Fire is destroying the Amazon jungle in Brazil. The jungle, according to some findings, produces about 20 per cent of the world’s oxygen. Although agriculture by the slash-and-burn technique has been in practice in that region of Brazil, the National Institute for Space Research (INPE) of that country has detected 85 per cent increase in forest fires this year compared with the same period last year. Researchers have pointed out that the fire count this year — 75,000 fires were reported across Brazil of which more than half were reported from the Amazon region — is higher than it was during the past decade during which restrictions on deforestation were strictly enforced. The government of far right leader Jair Bolsonaro is being blamed for encouraging such agriculture despite international outcry against this kind of wanton practices that destroy one of the largest carbon sinks of the world. The Brazilian president, it is alleged, was encouraging cattle ranchers and loggers to build on forested land.

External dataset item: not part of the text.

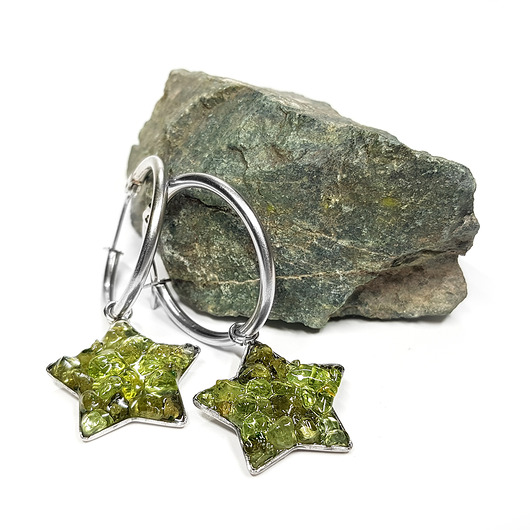 kolczyki z kamieniami Peridot kolczyki gwiazdki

Bolsonaro has denied any wrongdoing and has pressed the military of his country into service to fight the blaze. But it may just be a band-aid solution to the harm already inflicted. Bolsonaro has also rejected international attention on the issue. When French president Emmanuel Macron expressed concern over the fires and the resulting smoke cloud sweeping Brazilian cities such as Sao Paulo, and invited G7 leaders to discuss the fires at the summit of the grouping he hosted at Biarritz, Bolsonaro retorted that it was an ‘internal issue’. The Brazilian president cannot but say otherwise as he does not believe in climate change. He regards the Amazon as a “virgin” that should be “exploited” for agriculture, mining and infrastructure development. The leader went to the extent of ordering the environment minister of Brazil, Ricardo Salles, to sack 21 of the 27 senior officials at the environmental protection agency of his country, the Ibama. The Brazilian president is living in a self created paradise and is likely to exact a heavy price for his foolhardiness from the world at large. There are ample examples from around the world for Bolsonaro to refer to and learn from. One of the latest such instances is that of flash floods and landslides that caused immense damage in Uttarakhand and Kerala in India as well as numerous other instances of natural calamities that are most likely being precipitated by a troubled environment.

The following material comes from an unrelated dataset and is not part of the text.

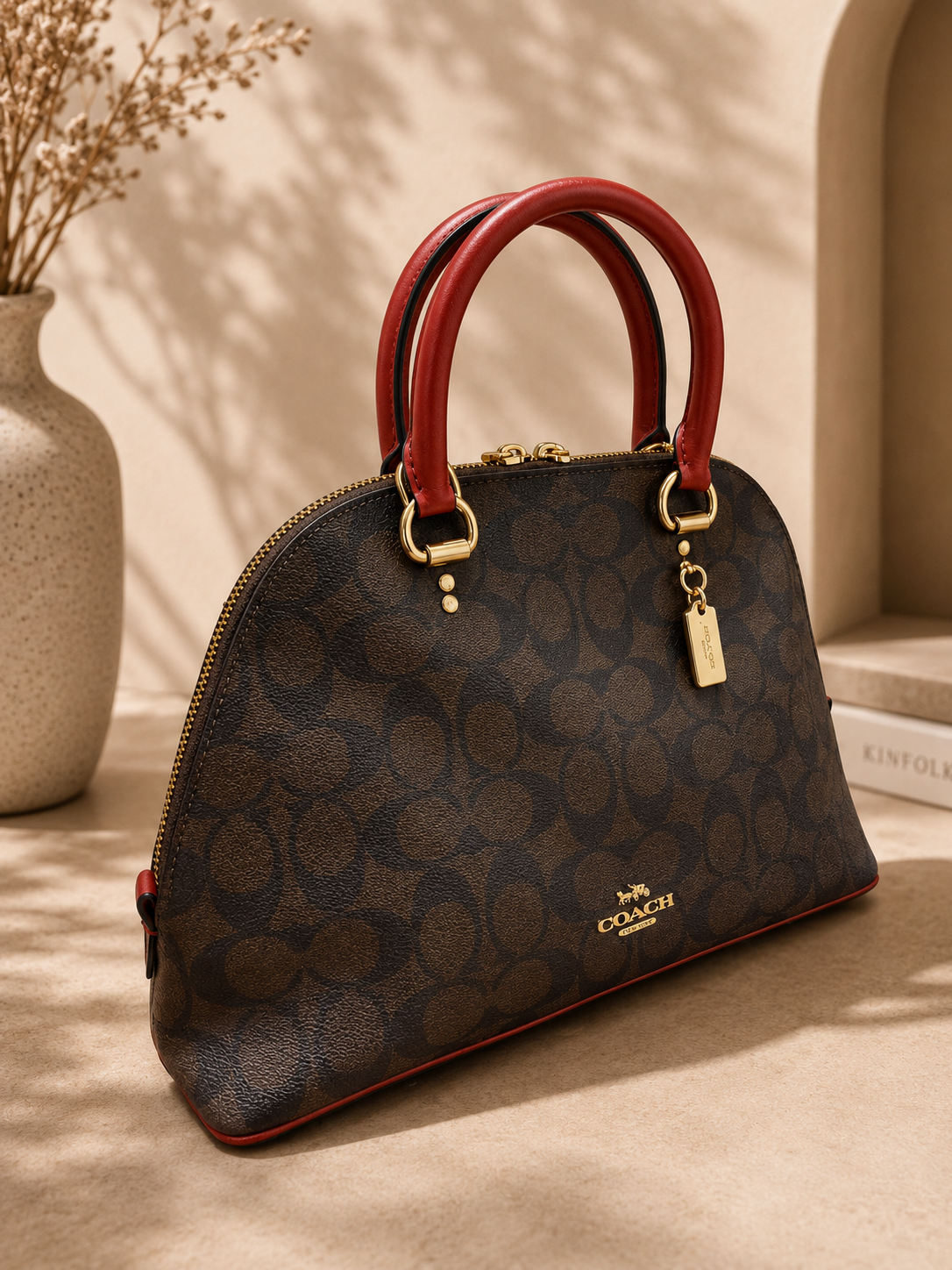 Coach Signature Canvas Sydney Satchel - Luxury Brown Monogram Dome Bag with Red Handles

While leaders such as Bolsonaro willingly capitulate to corporate pressures and their own convictions, the price to pay is quite high.
We in Odisha, too, should be worried that although the state is rich in mineral wealth, the administration proposes to open the doors to miners and bring development which could further destroy the local environment. Development, or as most Indians prefer to use the word Vikash, should not be delinked from the long-term well-being of not just the people of the state but the entire world. It is time alternative ways of building and material technologies are explored to provide dwellings and infrastructure to mankind. Apart from sheer and intense greed of rulers, population pressure also is bound to warrant greater exploitation of natural resources. No government will be able to resist the pressure if the situation continues to grow unchecked. It would, therefore, be prudent to study in detail what population levels can be supported by specific, vulnerable regions and ensure that such spaces are not overpopulated. Scientific restrictions are also required to ensure that constructions comply with sustainability needs of a region. It is true that every human being needs a home for her/himself. However, the costs that such mounting needs are exacting from the natural world are huge. Little attention is being paid to recycle and reuse of precious resources. At some level everywhere, there are Bolsonaros working with blinkered perceptions, The Brazilian President’s argument that the world is developing fast while expecting his poverty ridden country to safeguard the lungs of the world is unjust for his citizens. Crass arguments like this must be very appealing to Brazilian citizens.
Already the Amazon jungles, it is claimed, have lost up to 15 per cent cover and these lands have given way to drier savannah known as cerrado. Destruction of up to 25 per cent of these forests can have catastrophic impact on the environment of the world. The fires of the Amazon must be contained through action from across the world. It is a global catastrophe. All of us have a big stake in it.